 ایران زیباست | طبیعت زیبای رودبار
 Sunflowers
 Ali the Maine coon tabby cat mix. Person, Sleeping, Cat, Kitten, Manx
+ + +
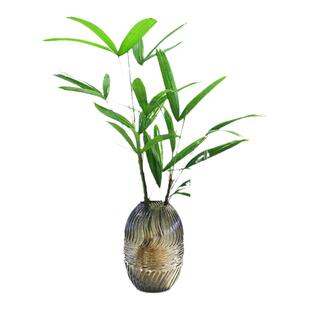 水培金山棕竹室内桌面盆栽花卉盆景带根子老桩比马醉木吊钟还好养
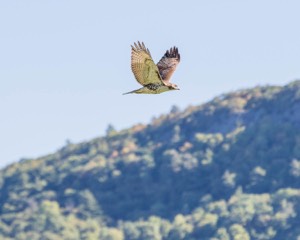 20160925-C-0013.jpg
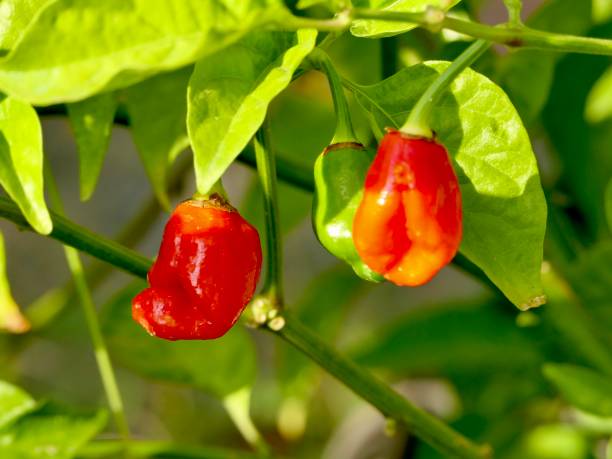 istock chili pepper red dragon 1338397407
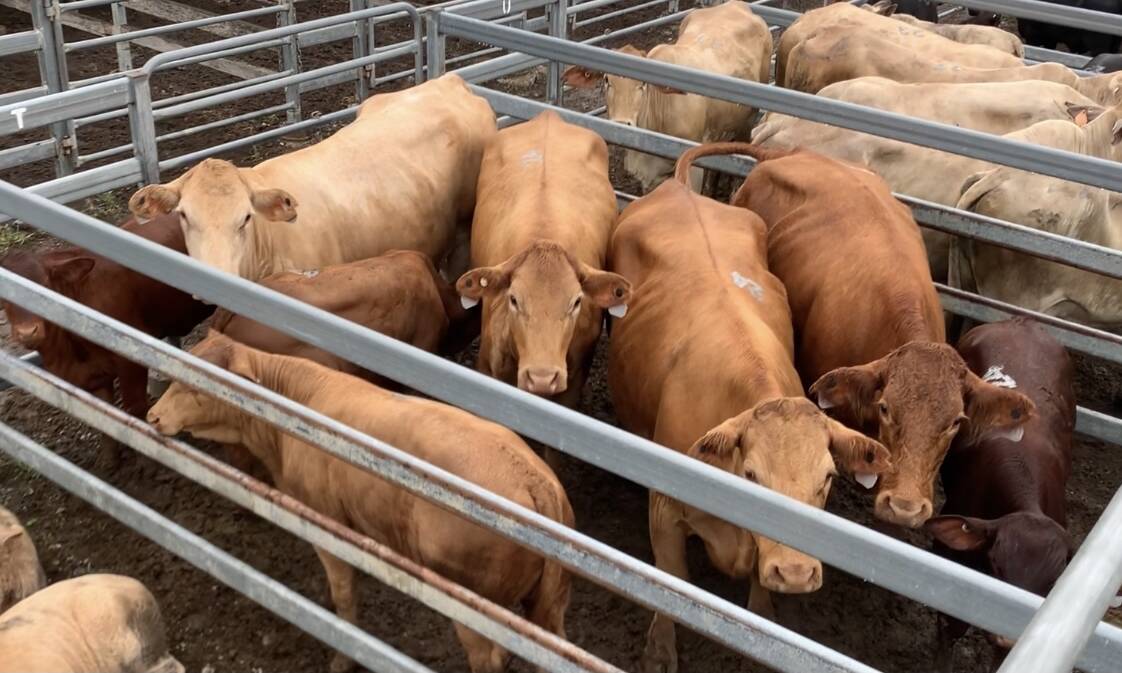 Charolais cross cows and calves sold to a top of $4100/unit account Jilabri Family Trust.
+ + +
When you reach the line holding "ایران زیباست | طبیعت زیبای رودبار" in the records above, begin reproducing exactly, stop after the line holding "Ali the Maine", and output nothing else.

Response area
 ایران زیباست | طبیعت زیبای رودبار
 Sunflowers
 Ali the Maine coon tabby cat mix. Person, Sleeping, Cat, Kitten, Manx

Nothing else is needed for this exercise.